Kava, kava everywhere! Fijians imbibe the murky concoction -- a mild narcotic -- morning, noon, and night.
Typically served in half-coconut shells at room temperature, kava is ladled from a tanoa, a four-legged wooden bowl. In resorts and villages, men and women sit with legs folded, circled around the bowl. Several men said they drink about 50 cups daily, despite claims that kava causes dry, scaly skin.
Kava is made from the dried and powdered root of a pepper plant called waka. It's wrapped in a cloth pouch and infused in cool water. ''Having a grog" has long been a Fijian tradition. Before accepting the cup, it is proper to make one hollow clap and then exclaim ''Bula!" After guzzling the kava, clap three times and try not to grimace.

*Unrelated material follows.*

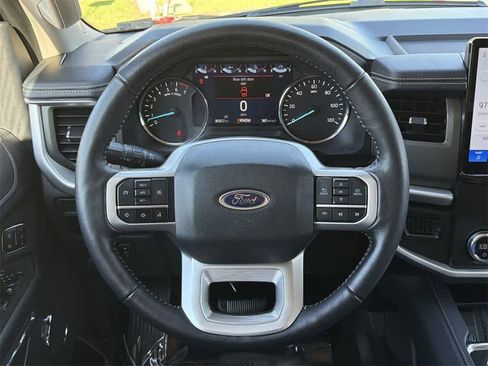 Used 2024 Ford Expedition Max XLT image 12
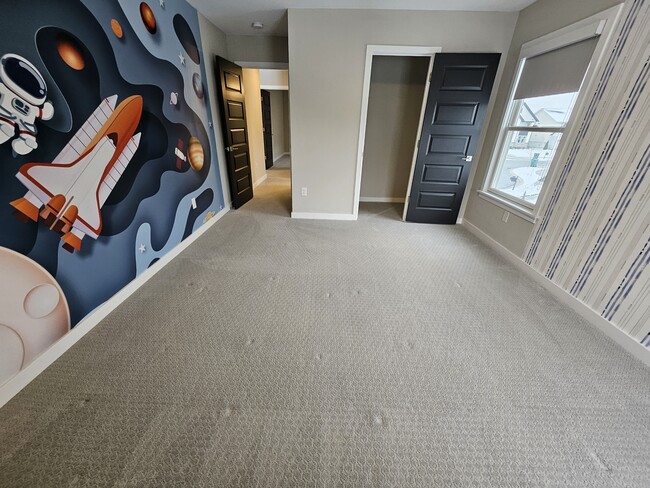 Building Photo - 228 Oakhurst Wy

On a visit to Momi Village, the residents honored us with a sevusevu, an age-old ceremony centered on the preparation and imbibing of kava. We sat barefoot and cross-legged on a banana leaf mat in the village's large community center. The village chief chanted blessings while another man wrung a pouch in cool water. Women and children clustered behind a row of bare-chested men clad in grass skirts. They wore vines tied around their biceps; their cheeks and foreheads were smeared with charcoal and coconut oil.
The taste of kava is chalky; the effect is euphoric. Lips and tongues tingle after a couple of cups. Drink more and minds and spirits start to go numb, too. With properties that reduce anxiety, depression, and blood pressure, it's no wonder Fijians are always smiling.